2023年9月30日、北海道では第2回目となる靴磨き大会が大丸札幌店で開催されました。
1人の靴好き、靴磨き好きとして注目せざる得ないこのイベント。
今年はブロガー仲間の首藤さんと待ち合わせて観戦してきました。
共通の知人の娘さんも出場されるということで、集合時間は予選開始の10時半。
ゆっくりと出発の準備をしていると、突然幼稚園児の娘が「靴磨き大会見に行きたーい!」と。
以前は家族の目の届くところに革靴達を置いていたので、一緒に靴磨きをしていた記憶が戻ったのか突然のオファー。

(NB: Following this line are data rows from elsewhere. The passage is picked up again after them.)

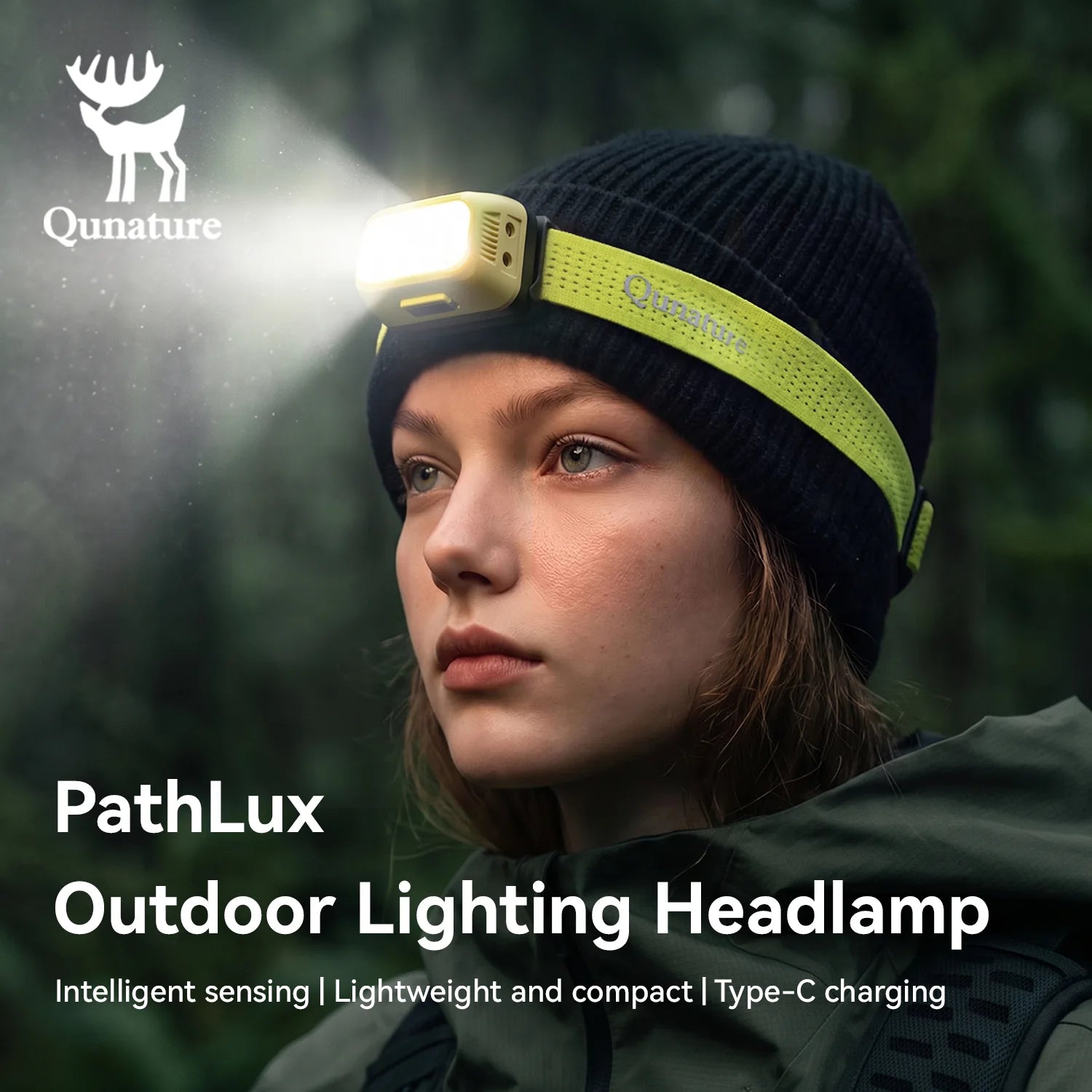 A woman outdoors wearing a Qunature PathLux headlamp attached to a black knit beanie. The headlamp is illuminated, with a bright light beam shining to the left.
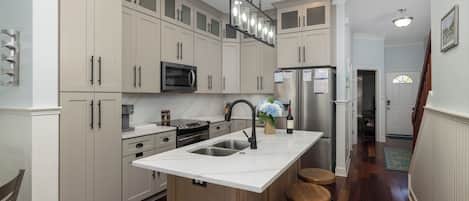 Fridge, dishwasher, coffee/tea maker, cookware/dishes/utensils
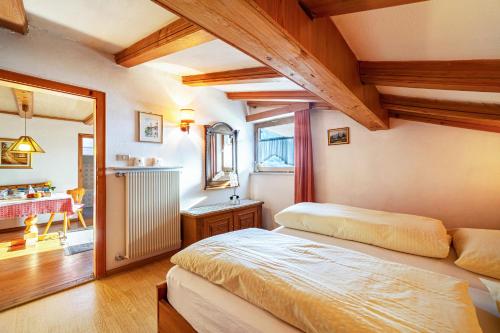 a bedroom with two beds and a table in a room at Adang Ferienwohnung Mutspitz in Tirolo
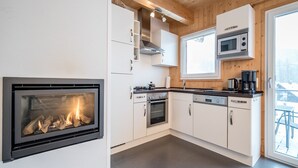 Une cuisine moderne dotée d’une cheminée intégrée, de meubles blancs, d’appareils électroménagers en acier inoxydable et d’une grande fenêtre.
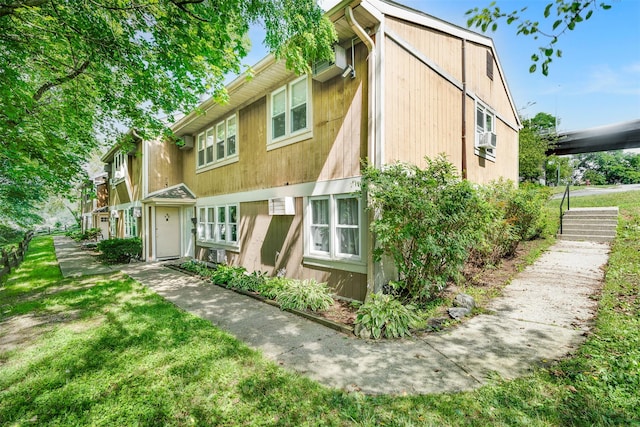 68 Gerald Dr Unit D1, Poughkeepsie, NY 12601 - back of house featuring a lawn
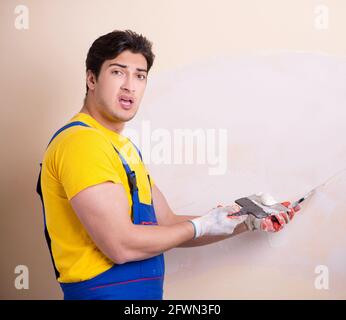 The young contractor employee applying plaster on wall Stock Photo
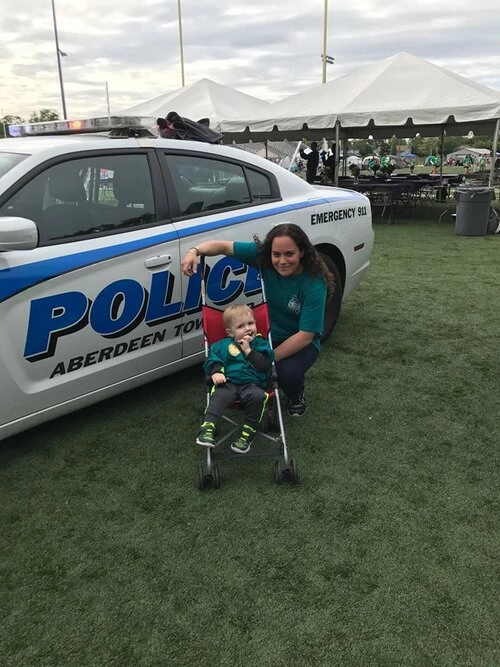 a woman and child in a stroller in front of a police car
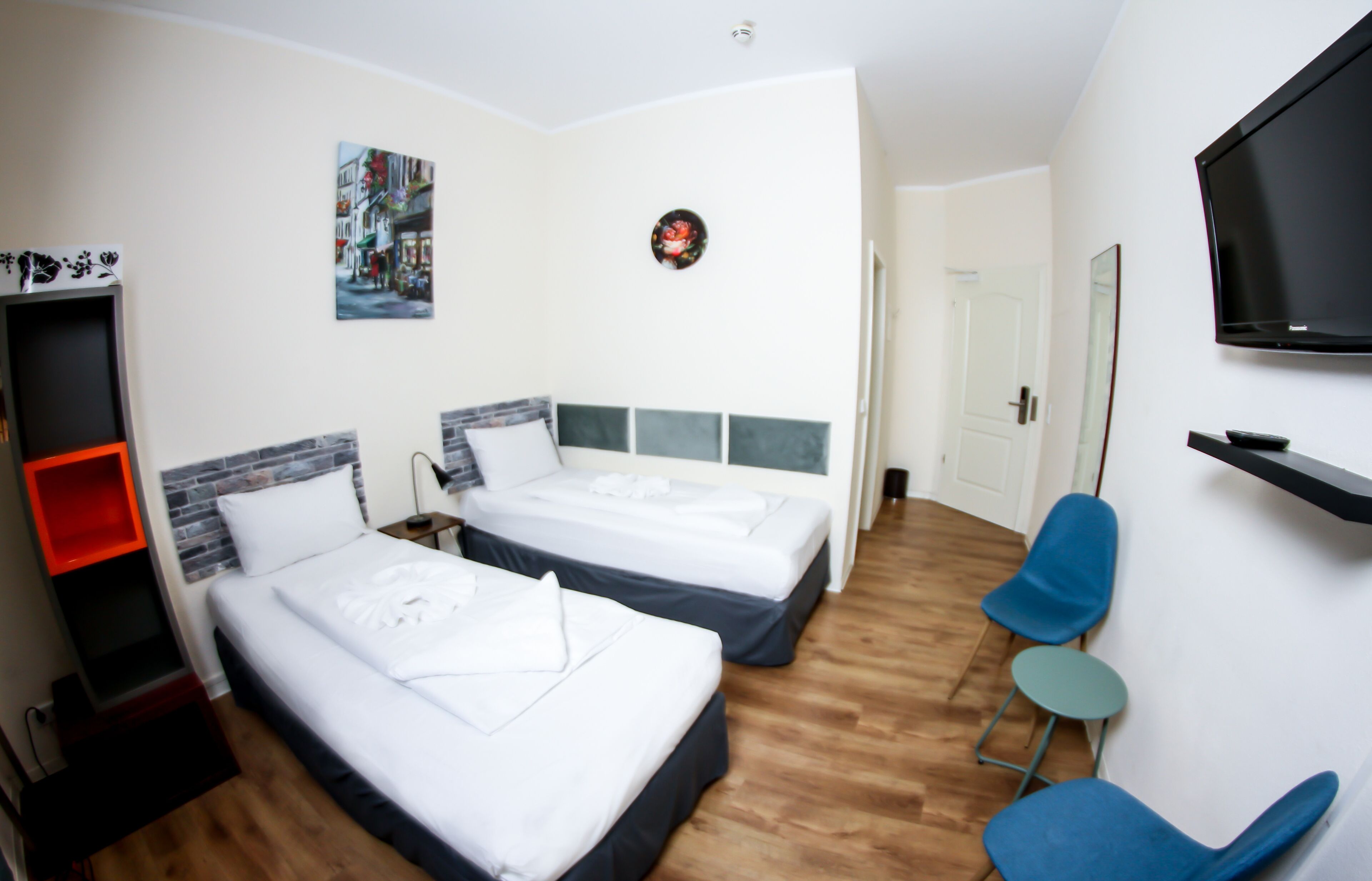 Ein Hotelzimmer mit zwei Betten, einem Fernseher, einem kleinen Tisch und einem Sessel.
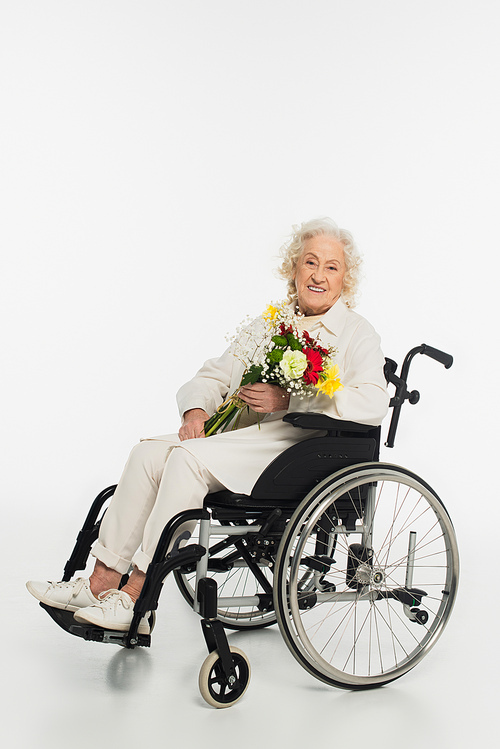 smiling elderly woman in casual clothes sitting in wheelchair holding bouquet of flowers on white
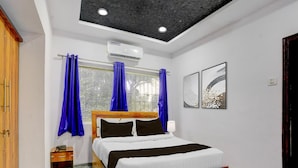 A bedroom with a wooden bed, a nightstand, a window with curtains, an air conditioning unit, and two wall-mounted artworks. - Deluxe Seven Hills Aurangabad (Chhatrapati Sambhajinagar)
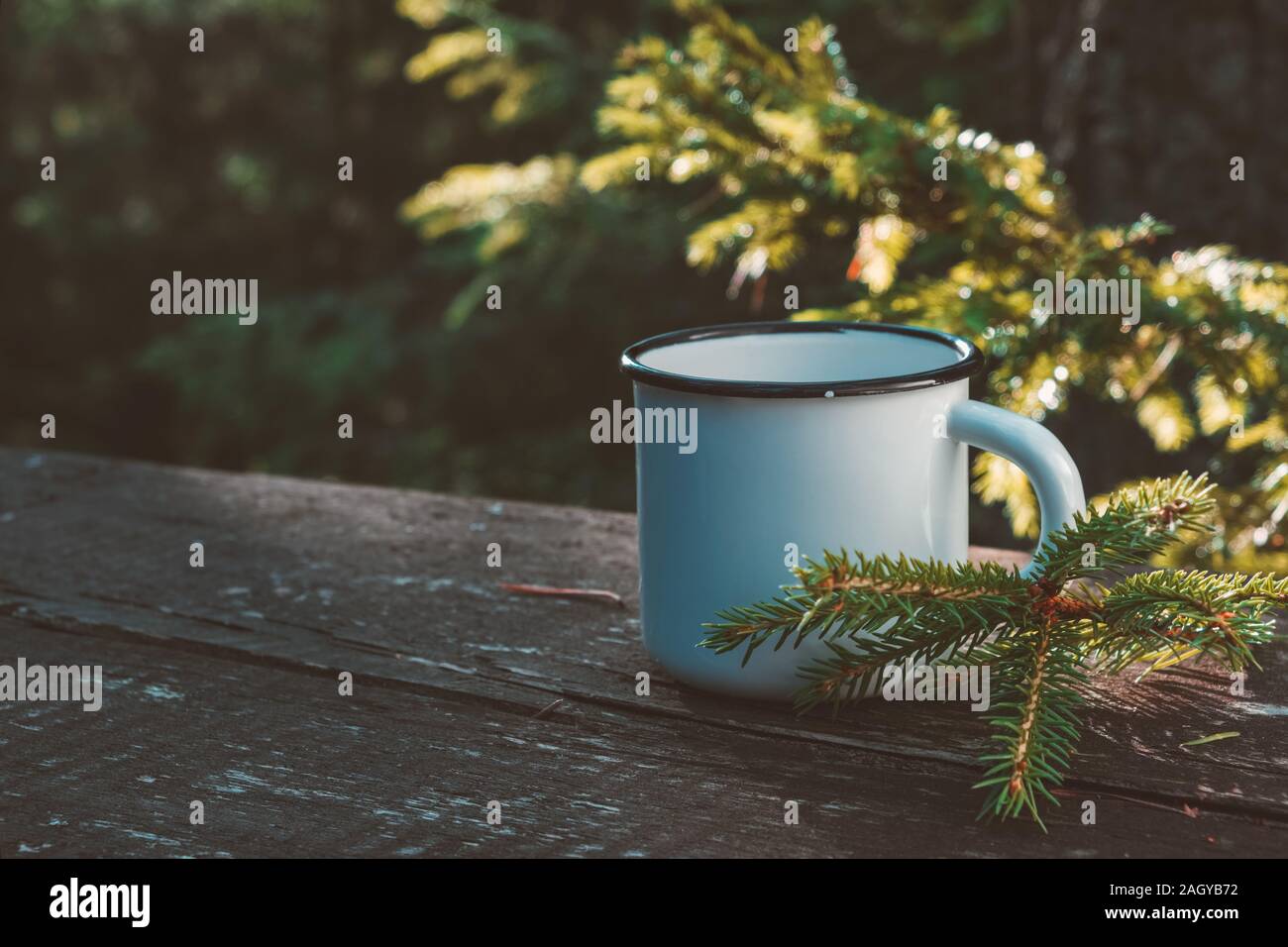 Smaltato tazza di caffè o di tè sulla tavola di legno nella Foresta estate all'aperto. Foto Stock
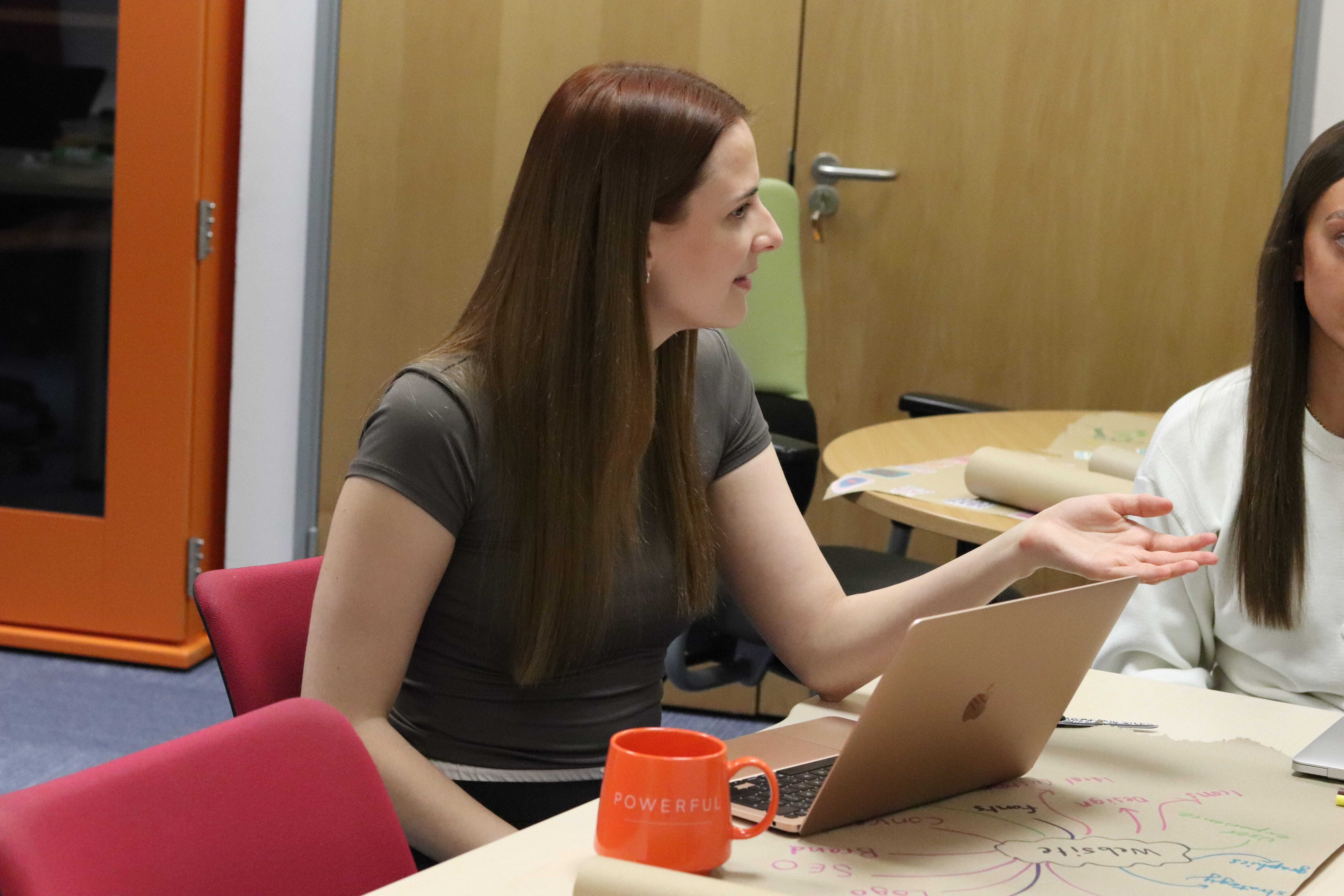 Charlotte in a meeting with a laptop, mug, and website mind map discussing how duplicate content can cost you.
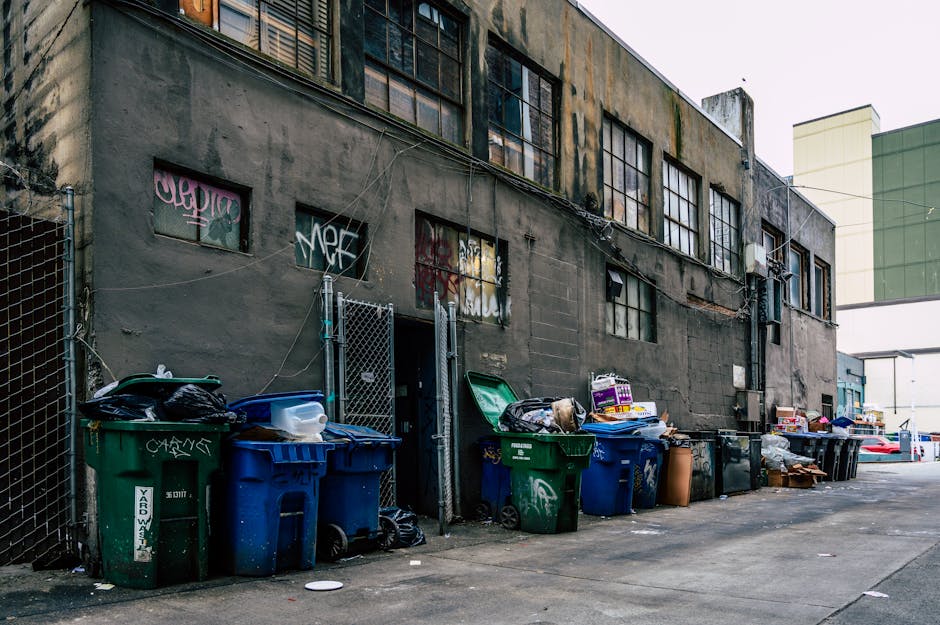 A large blue metal dumpster with visible rust and peeling paint, positioned on a paved surface in front of a modern building with dark horizontal siding and a section of blue tinted windows. The dumps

このくらいの年の子供を持つ親あるあるだと思うのですが、やっぱりいろんなことを経験させてあげたい。とつい思いがちですよね。我が家も同じ決断となりました。
突然の予定追加にあまり乗り気になれない妻と0歳の息子も車に突っ込んで会場に向かいます。
大丸札幌は6階がメンズフロアですからどうせイベント会場も6Fだろうと考え、向かったのですがまさかの5階イベントスペースで少し時間をロス。笑
(すでに予選1グループ目がスタート)
第2回北海道靴磨き選手権大会とは?
ところで突然全人類が靴磨き大会を知っているかのように書き出してしまったことに気が付いたので、ここで改めて第2回北海道靴磨き大会についてご紹介したいなと思います。
北海道靴磨き選手権大会は「 靴磨きの文化を広げる」ことを目的とし、去年からスタートした靴磨き大会です。
磨かれる靴はいわゆる革靴、ドレスシューズと呼ばれるものです。これを制限時間内でどれだけ美しい状態に仕上げることができるかを競います。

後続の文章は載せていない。